Segment Start: Records provided

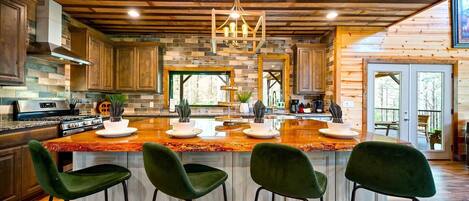 Kylskåp, mikrovågsugn, ugn och spishäll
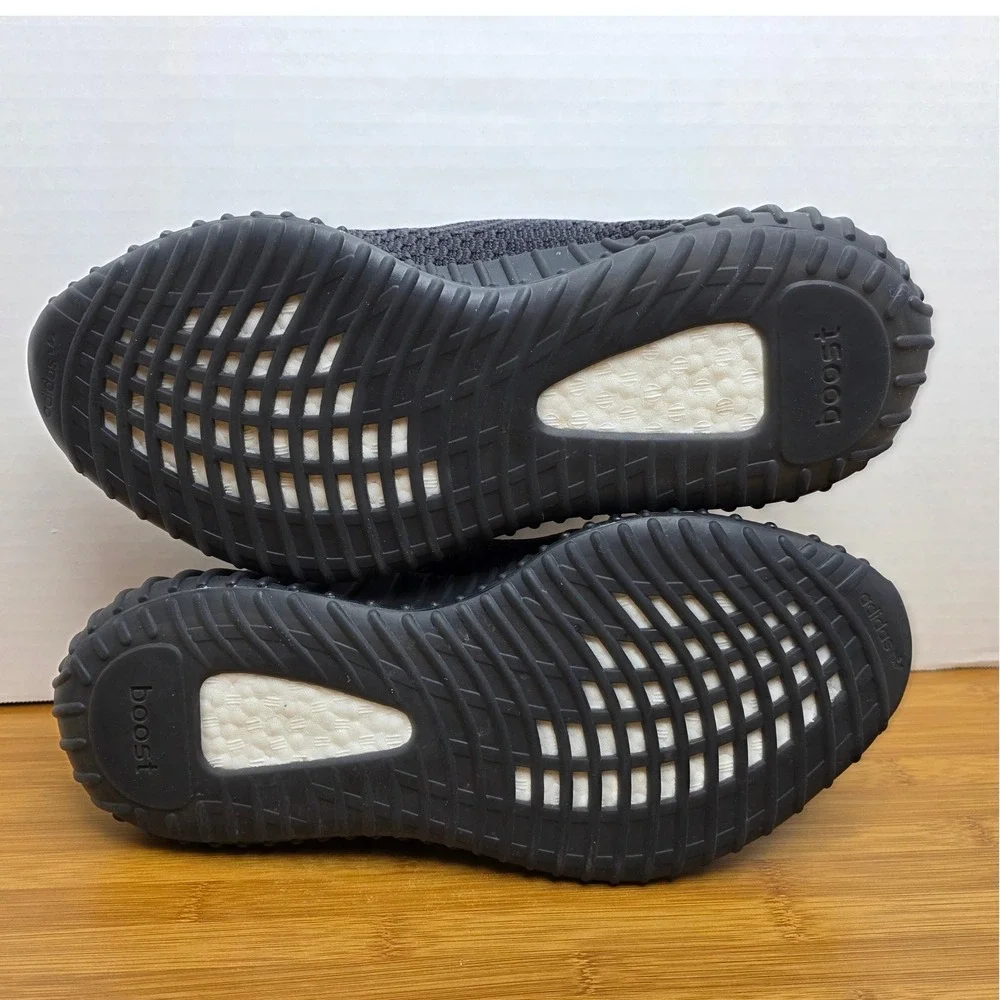 Adidas Yeezy Boost 350 V2 Black Non-Reflective FU9006 Mens Sneakers Size 10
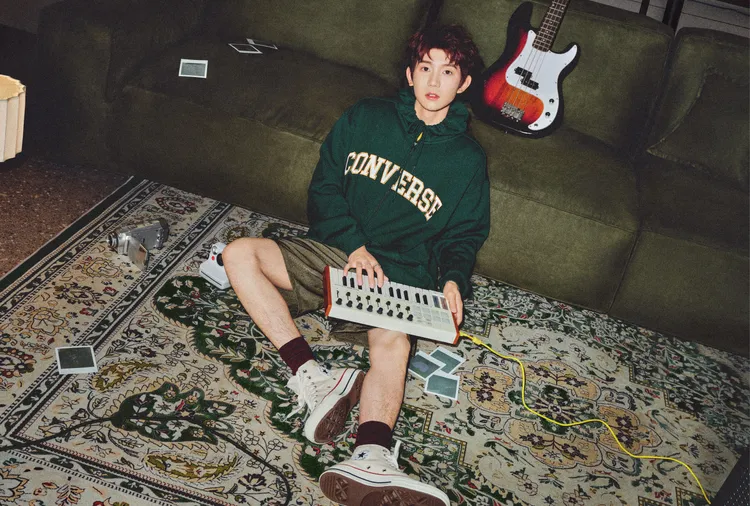 王源以休閒造型演繹CHUCK 70的潮流樣貌。品牌提供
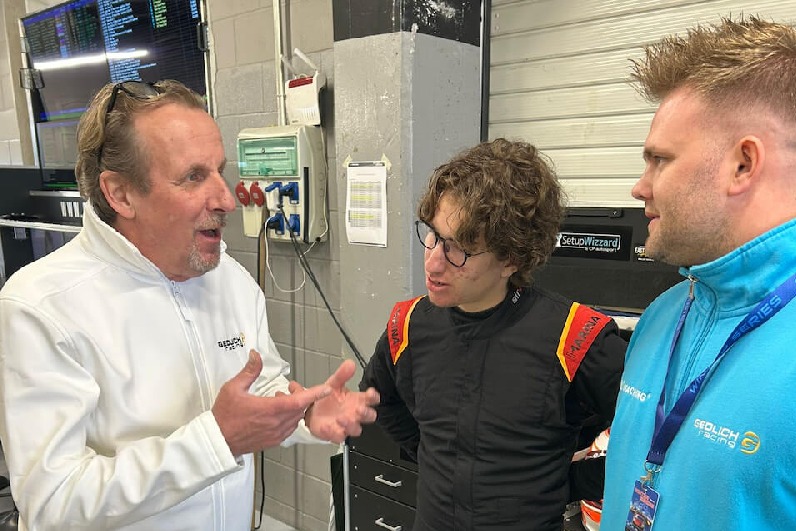 Wissenstransfer aus erster Hand: Der fünfmalige Le-Mans-Sieger Frank Biela coacht die Piloten der neuen GT Summer Series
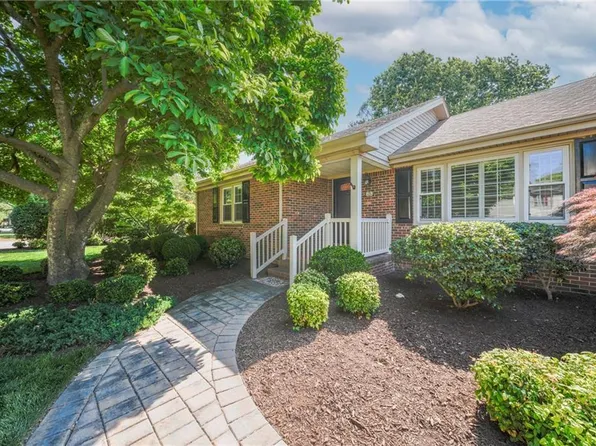 798 Sheraton Dr, Virginia Beach, VA 23452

Segment End: Records provided

Task:
Repeat exactly the lines above, starting at the one that contains "王源以休閒造型演繹CHUCK 70的潮流樣貌。品牌提供" and stopping at the last line of the entries, and leave out the pictures.

Finished exercise:
 王源以休閒造型演繹CHUCK 70的潮流樣貌。品牌提供
 Wissenstransfer aus erster Hand: Der fünfmalige Le-Mans-Sieger Frank Biela coacht die Piloten der neuen GT Summer Series
 798 Sheraton Dr, Virginia Beach, VA 23452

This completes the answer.